> WORK TO COMPLETE: Print exactly the lines below between the line holding "Techninės priežiūros dalys" and the line holding "45022-SMG-E00, 45022-SMG-E01, 45022-SMG-E50", inclusive, and nothing more.

> DATA SECTION:
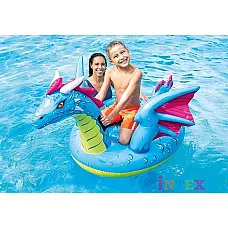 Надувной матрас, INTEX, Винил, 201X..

==

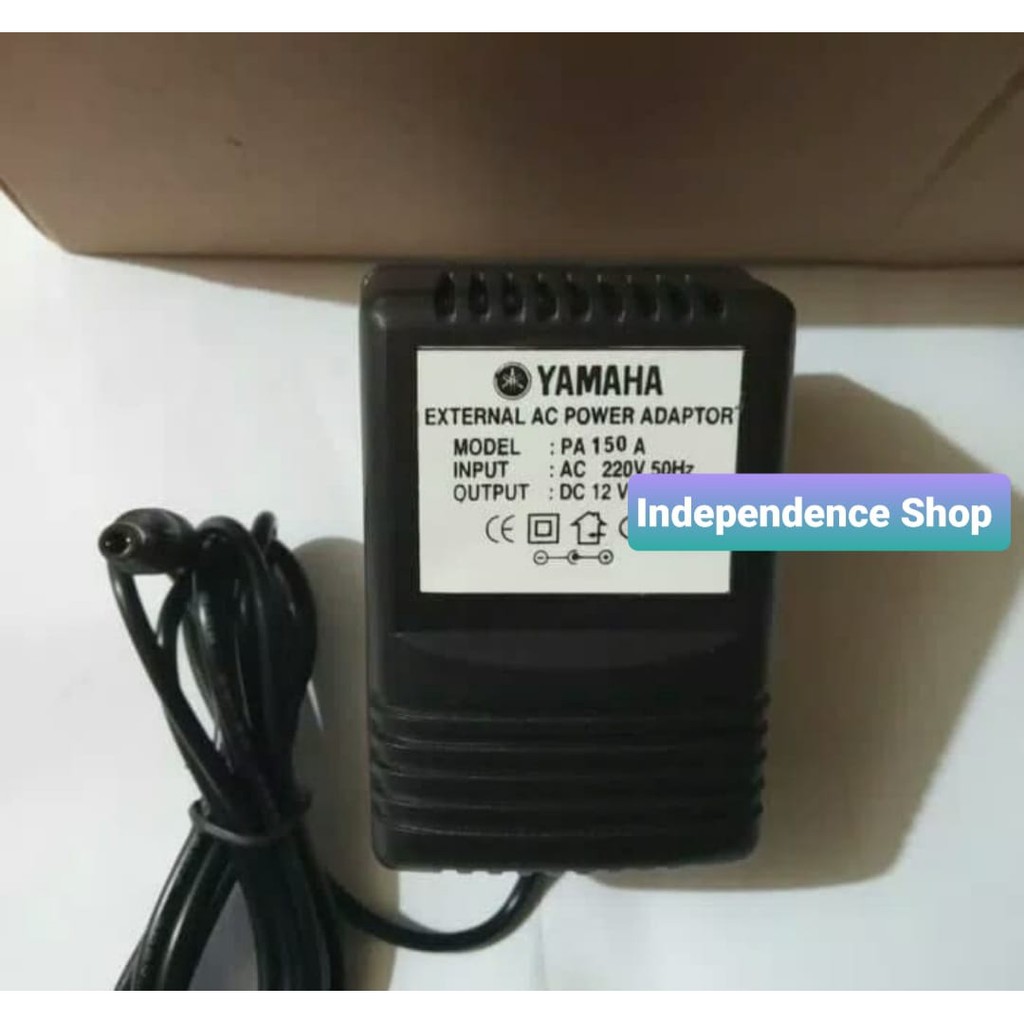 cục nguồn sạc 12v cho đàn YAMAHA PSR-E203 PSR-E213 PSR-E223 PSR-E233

==

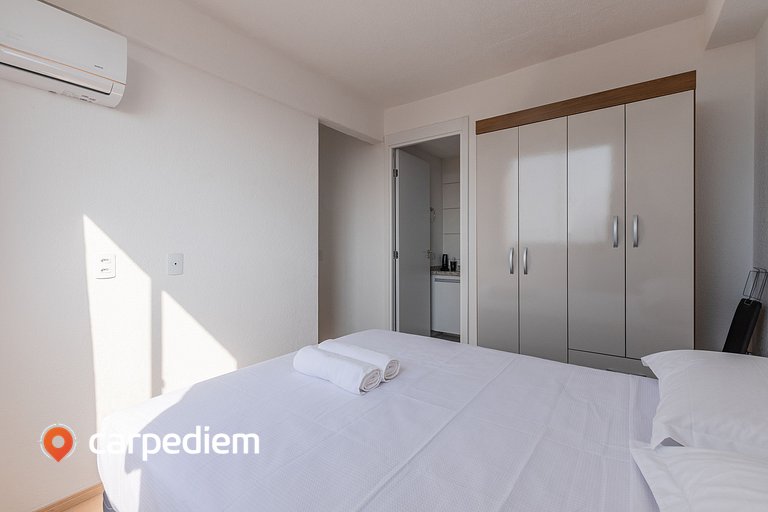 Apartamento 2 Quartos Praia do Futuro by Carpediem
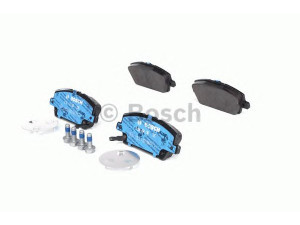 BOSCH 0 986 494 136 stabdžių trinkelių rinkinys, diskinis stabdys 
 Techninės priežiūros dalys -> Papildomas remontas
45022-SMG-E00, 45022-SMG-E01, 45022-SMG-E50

> ANSWER SECTION:
 Techninės priežiūros dalys -> Papildomas remontas
45022-SMG-E00, 45022-SMG-E01, 45022-SMG-E50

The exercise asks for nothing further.